Wenn dir jemand sagen würde, die Durchschnittstemperatur am Polarkreis betrüge +40° Celsius, würdest du wahrscheinlich einfach sagen, dass er Unrecht hat, und das Ganze fallen lassen. Es ist nicht sehr wahrscheinlich, dass du mit starken Emotionen reagieren würdest – derjenige hat sich ganz einfach getäuscht. Es ist keine große Sache. Wenn jemand behauptet, du hättest rote Haare, und du weißt genau, dass du braune Haare hast, ist das auch keine große Sache. Derjenige hat ganz einfach Unrecht.

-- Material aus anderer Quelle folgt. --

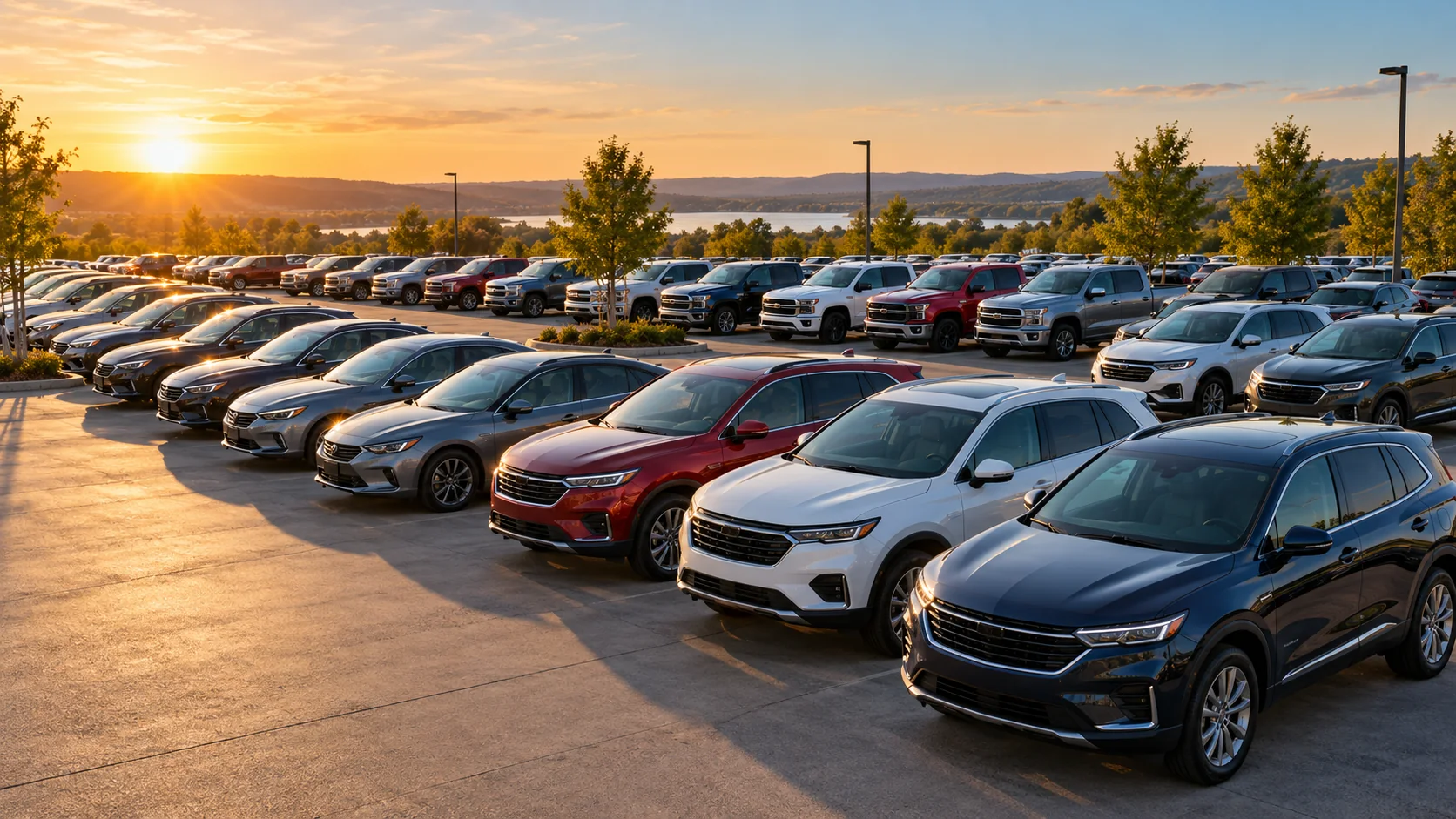 A variety of cars and SUVs arranged in rows on a large dealership lot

Wenn dich jemand nun aber als Pfennigfuchser bezeichnet und du Angst hast, tatsächlich etwas knauserig zu sein, dann kann diese Bemerkung deine Gefühle verletzen. Immer, wenn dich die Urteile, die ein anderer über dich fällt, verletzen, kannst du sicher sein, dass bei dir eine energetische Ladung besteht: Jede Kritik, die bei dir eine Reaktion auslöst, enthält wahrscheinlich eines der Urteile, die dein eigener innerer Kritiker über dich fällt.
Die Übung:
Rufe dir Momente ins Gedächtnis, in denen dir die kritischen Bemerkungen oder negativen Urteile eines anderen richtig weh getan und extreme Reaktionen bei dir hervorgerufen haben – Reaktionen, die in keinem Verhältnis zur Tatsache standen, dass ein Mensch, der dir etwas bedeutet, dich kritisiert hat. Ich meine die Momente, in denen dich das, was der andere sagt, so richtig erwischt hat.

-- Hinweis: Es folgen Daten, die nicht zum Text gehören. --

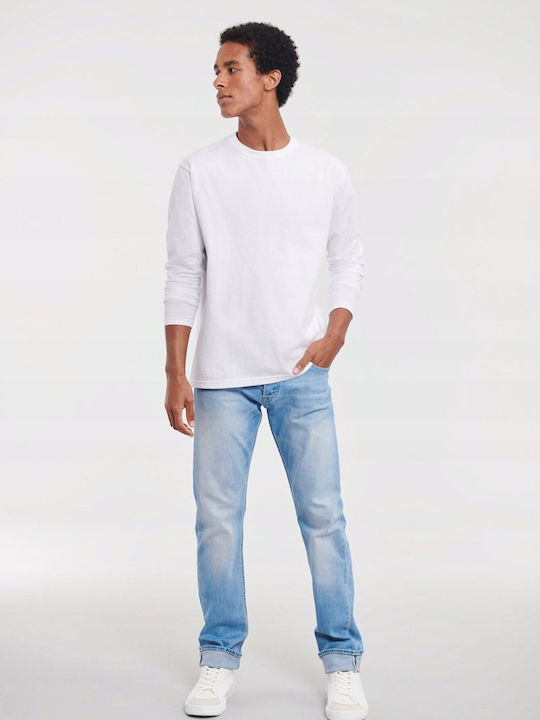 Russell Europe Unisex Διαφημιστικό T-shirt Μακρυμάνικο White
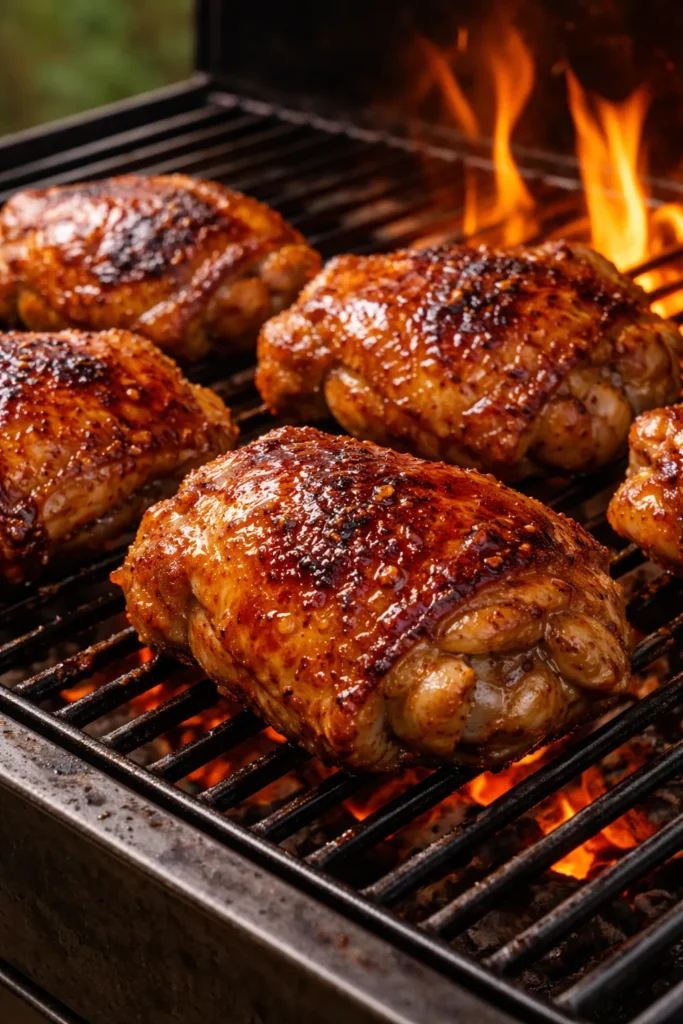 Chicken thighs with hot honey glaze on a two-zone grill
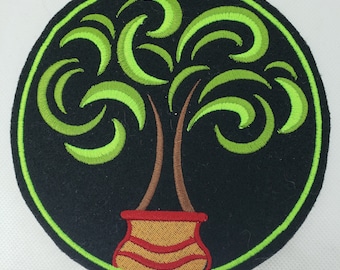 Swirling tree of life embroidered iron on patch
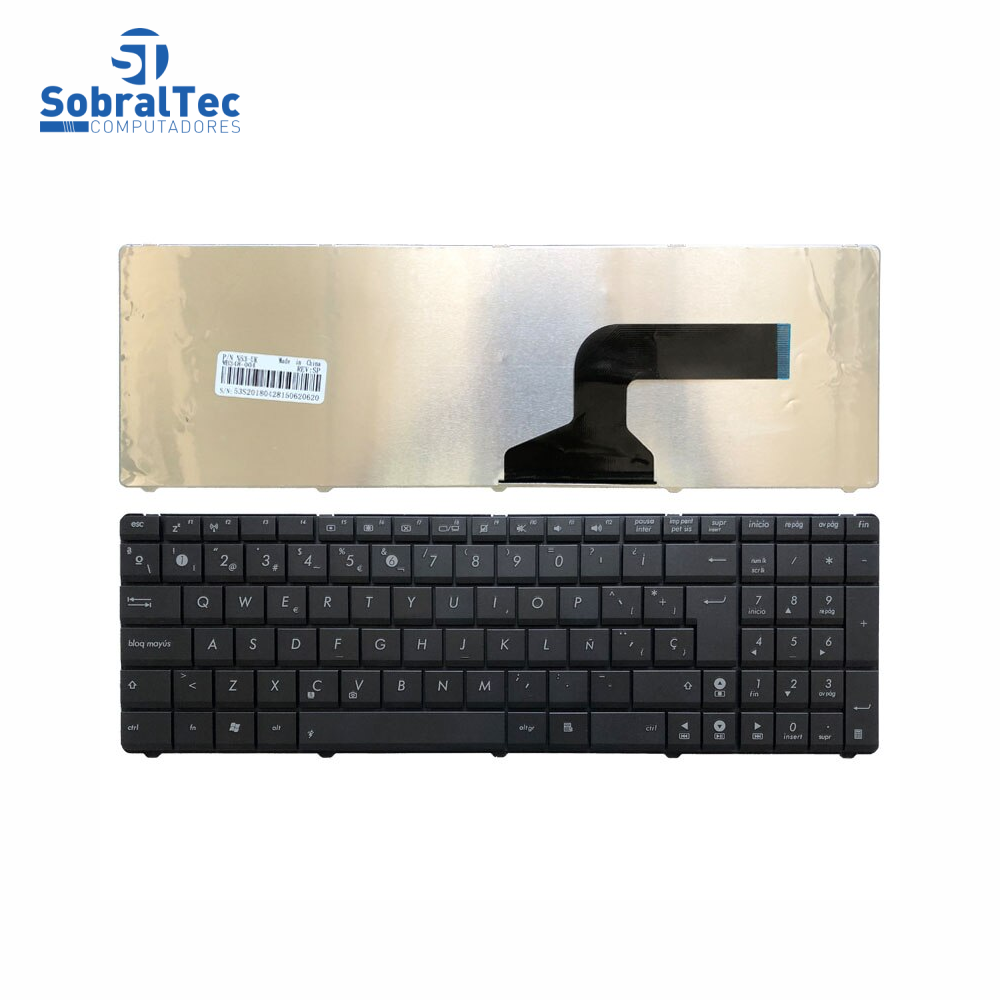 Teclado BringIT Compatível Com Asus N50 N53 Pn: N53-UK MB348-004- Black - Br
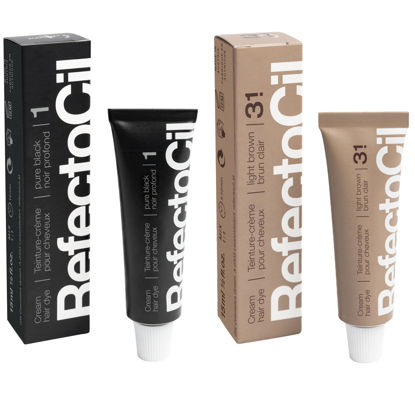 Picture of RefectoCil Cream Hair Dye 2-Pack - Professional Hair Tint for Long-Lasting Color - Black (#1) + Light Brown (#3.1)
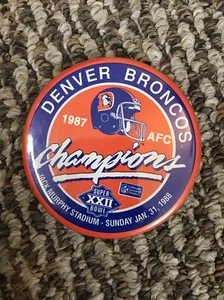 Vintage 1987 Pin Back Button 3.5” Denver Broncos AFC Champions RARE NFL - Picture 1 of 2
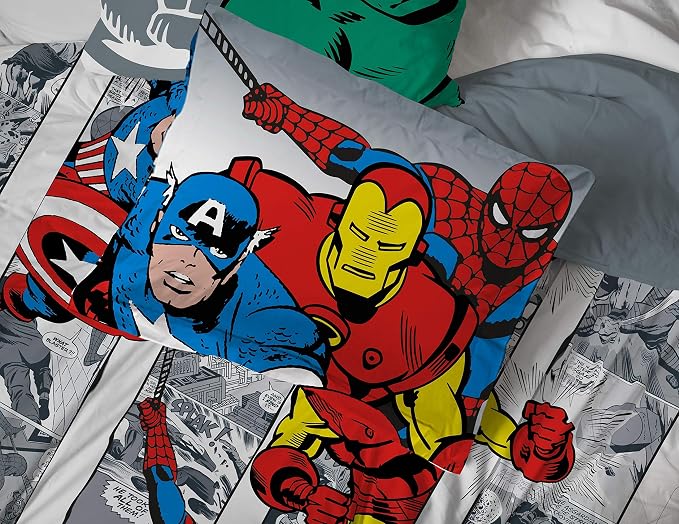 Marvel Comics Avengers Queen Comforter Set 7 Piece Soft Boys Bedding, Multi | Spiderman Hulk Captain America, Comforter Sheets Shams Pillowcases, Soft Microfiber, Machine Washable, Boys Gift - Image 5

Normalerweise gibt es verschiedene kritische Bemerkungen, die du sehr ungern hörst: „Du bist so konservativ.“ „Du kriegst deine Sachen einfach nicht auf die Reihe!“ „Man merkt gleich, dass du ein Ossi/Wessi bist!“ „Wo sind deine Manieren?“ „Du bist so egoistisch!“ Versuche, die kritischen Bemerkungen zu entdecken, die dich garantiert auf die Palme bringen. Je kürzer die Erfahrung zurückliegt, desto effektiver wird die Übung für dich sein.
Wenn du zwei eindeutige Angriffe im Sinn hast, übe, dich mental gegen sie zu verteidigen. Lausche auf die Angriffe und finde in Gedanken eine Verteidigungsform, die dem Angriff die Energie entzieht. Um in der Übung zu bleiben, probiere jede der vier Verteidigungsstrategien aus, mit denen wir gearbeitet haben: Humor, Unsinn, Aggression und Verletzlichkeit. Finde heraus, welcher Ansatz für dich am besten funktioniert. Teste zum Schluss auch aus, ob Zustimmung vielleicht deine beste Verteidigungsform ist: „Ja, das stimmt. Ich denke normalerweise immer zuerst an mich.“ (Na, und?)